Semantic Web ontology is a knowledge base to support the actual running of semantic Web, which formally defines the widely acknowledged knowledge and the relationships between knowledge in a domain. It is concretely expressed as the widely acknowledged concepts and the relationships between them in the domain. Concept lattice formally defined the concepts and the relationships between them. Although both the concept lattice and the ontology are knowledge bases, however, the former stands on mathematical rigorous feature, and the latter pursues the convenience of application. It is beneficial to build high-quality Semantic Web ontology that "practical domain→concept lattice→ontology" as the developing route.

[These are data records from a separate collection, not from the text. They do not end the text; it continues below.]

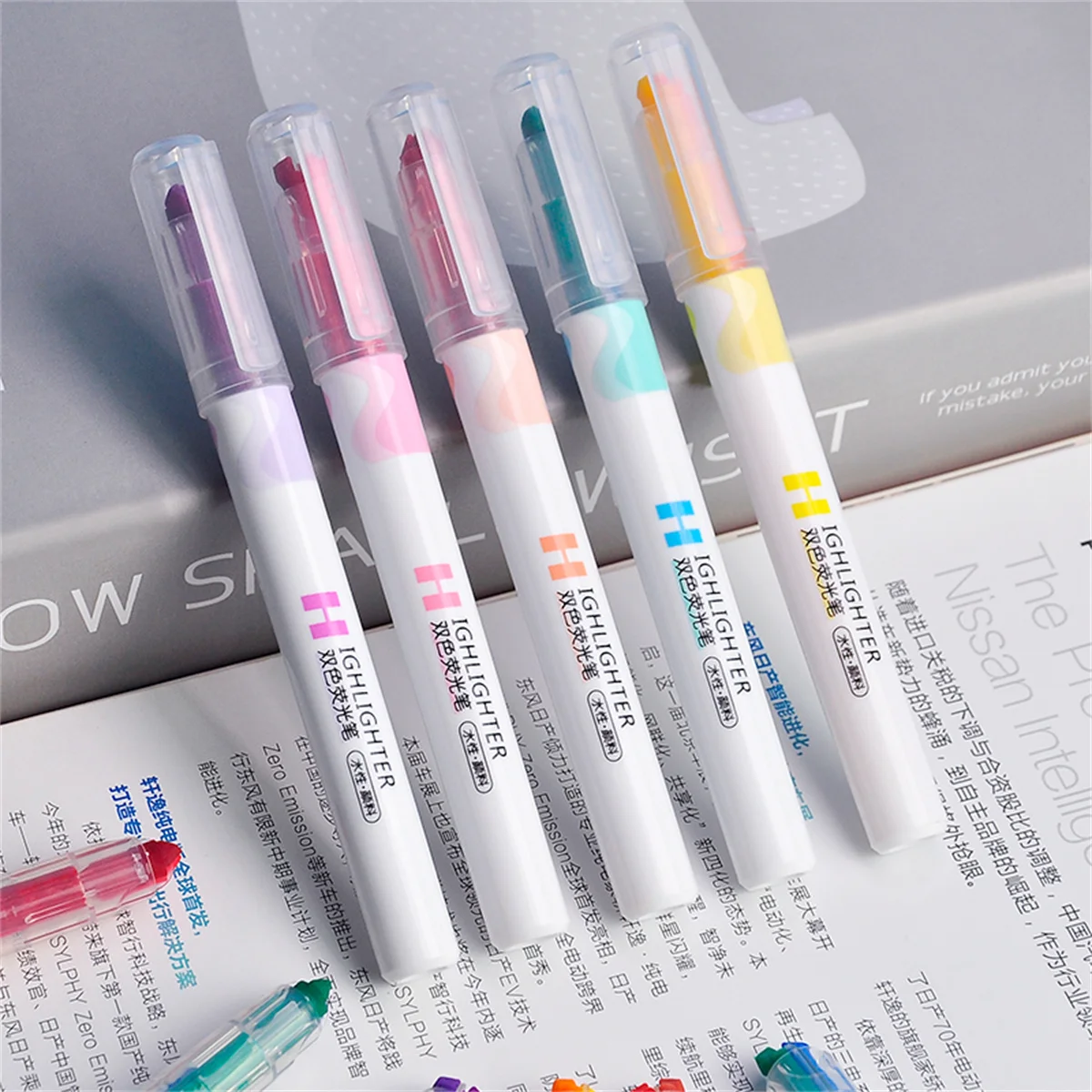 Highlighter Mark+Two Tone Marker 0.4mm Color Student Hand Account Kawaii School Supplies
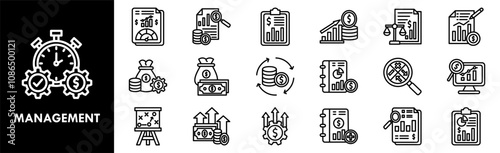 Management icon collection set. Containing design business, technology, strategy, project, office, work, planning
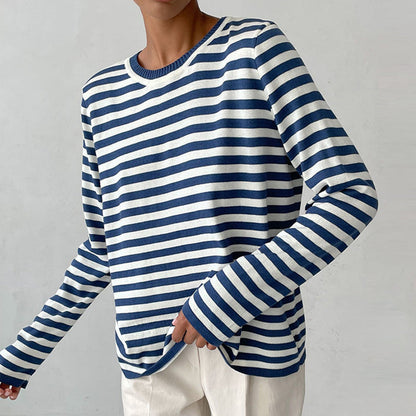 Long Sleeve Top Women Organic Cotton Crewneck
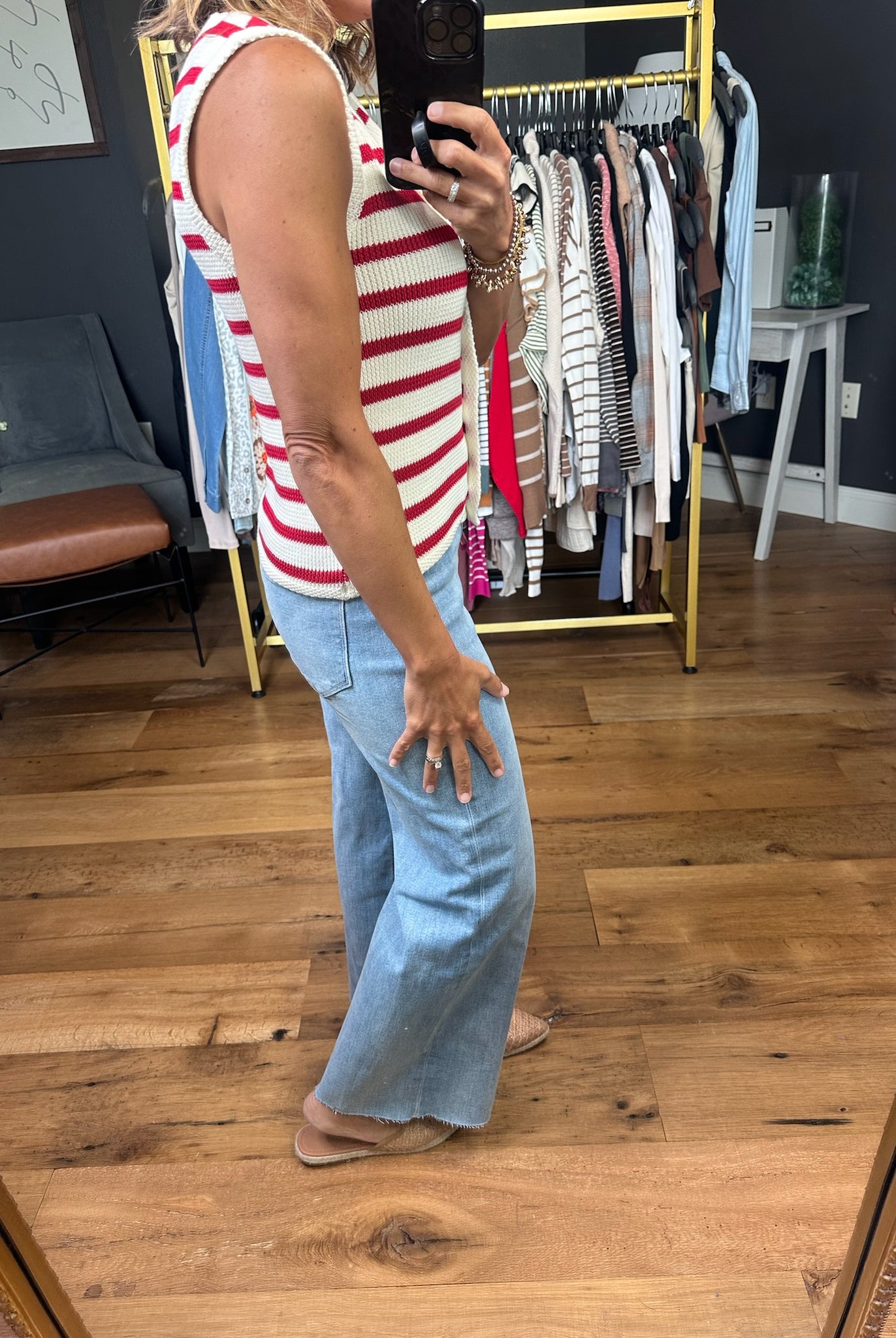 Show Your Love Striped Sweater Button-Detail Sweater Vest - Off-White/Red-Vests-Wishlist-Anna Kaytes Boutique, Women's Fashion Boutique in Grinnell, Iowa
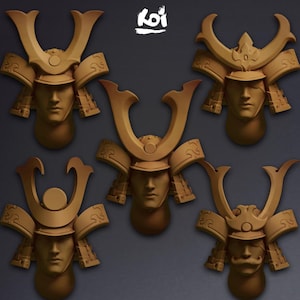 May include: Five gold-colored samurai helmet figurines with different facial expressions and details. The helmets are decorated with intricate designs and have a traditional Japanese aesthetic. The word "Koi" is written in white on a black background above the helmets.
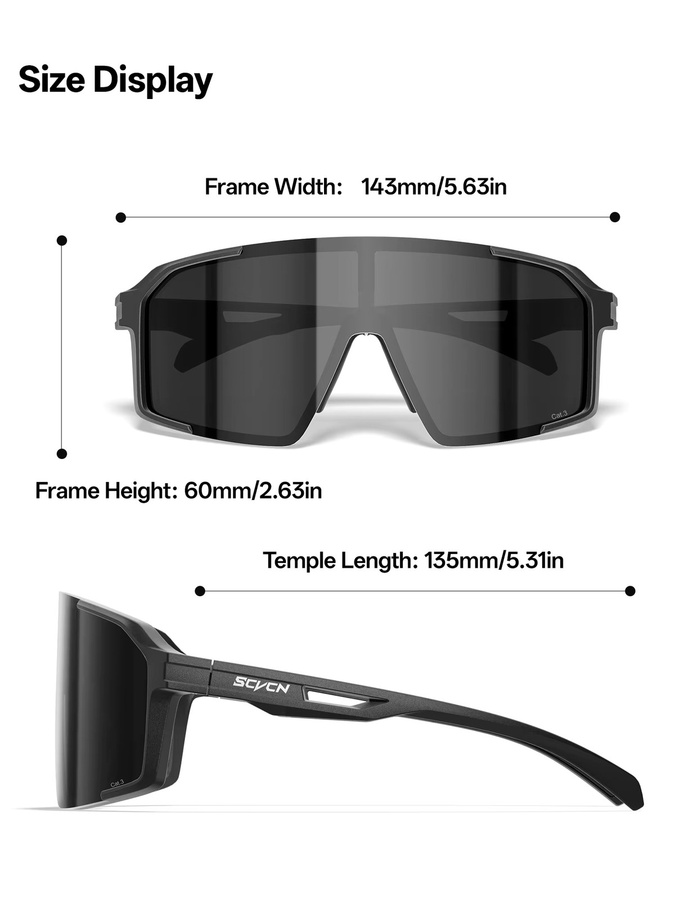 SCVCN Sportsonnenbrille, Photochrome, Vollrand, Kunststoff, Unisex - Bild 6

     Most existing available ontologies are in English form, and there is no effective tool with integrated functions. The cognition to real world of human which is uncertain will certainly show fuzziness and roughness, and the rough concept is one of the basic forms of human cognition. Rough concept lattice is a knowledge base which is expressed as rough concepts and the relationships between them. Moreover the "practical domain→rough concept lattice→Chinese ontology" is applied to support the practical operation of the Semantic Web more closely to real-world, which is the research target and technical route of this paper. Formal context determines the complex degree of rough concept lattice, so this paper mainly researches formal context extracted from data source.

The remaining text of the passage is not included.